Euro 2020 final: the online reactions

 The final game of this year’s (well, last year’s) Euro tournament was understandably hotly anticipated. For England, it was the first time the championship title was within their grasp – and on home soil, no less! For Italy, it was the culmination of an almost unheard of winning streak: 33 games!

The emotions were high and keenly felt in the buildup to the final game of the Euro. How did that translate into social listening results? Who tweeted the most? We decided to go on a little fact-finding mission after the dust settled and the winner was declared. Here’s what we learned.

Twitter: where results are made

As with our summary of June’s Euro discussions from our monthly digest, we focused our social listening efforts primarily on the official hashtag created for the purpose by UEFA. This means our results were heavily skewed towards Twitter. How much is “heavily”? Well, see for yourself:

The sources share for the Euro final is dominated by Twitter.

For all intents and purposes, we can treat this analysis as exclusively focusing on Twitter, with only slight anomalies coming from other social media platforms. So, what is the data telling us?

The mentions breakdown shows that the United Kingdom and Germany were almost equal in the number of mentions.

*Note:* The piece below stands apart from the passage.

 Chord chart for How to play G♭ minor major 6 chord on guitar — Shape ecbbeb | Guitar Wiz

England and Germany are almost neck-in-neck when it comes to tweeting about the match. Weirdly enough, Italy is in fifth place, behind even the United States of America – not exactly famous for their enthusiasm for actual football.

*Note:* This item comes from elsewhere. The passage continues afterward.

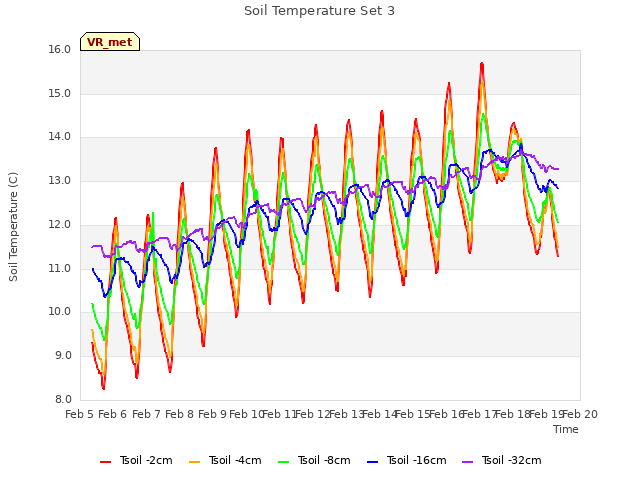 plot of Soil Temperature Set 3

Let’s focus on the two main stars, though: England and Italy. How did the two countries compare tweet-wise?

England’s top tweet belonged to Manchester United, who were hyping up their defender, Luke Shaw, and for good reason! Two minutes into the match Shaw scored a fantastic goal for England!

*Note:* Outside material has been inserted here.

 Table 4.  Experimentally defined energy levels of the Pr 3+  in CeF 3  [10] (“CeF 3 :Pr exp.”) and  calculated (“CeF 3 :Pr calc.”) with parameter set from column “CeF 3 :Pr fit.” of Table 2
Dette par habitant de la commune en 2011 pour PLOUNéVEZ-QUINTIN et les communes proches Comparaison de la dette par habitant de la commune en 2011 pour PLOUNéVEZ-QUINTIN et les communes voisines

Italy’s top tweet award goes to rapper and influencer Fedez, who posted this meme after the dust had settled on the match.

In the leadup to the match, a small social media rivalry formed between fans of the two teams. #ItsComingHome was the hashtag adopted by English fans who were convinced this year’s trophy would end up in the hands of their national team. In response, the #ItsGoingToRome and #ItsComingToRome hashtags were created by users who supported the Italians. Who was more enthusiastic about their team?

In both countries, "It's Coming Home" was the trending rallying call.

Don’t worry, England – you may have lost the penalties shootout, but you reign supreme on Twitter.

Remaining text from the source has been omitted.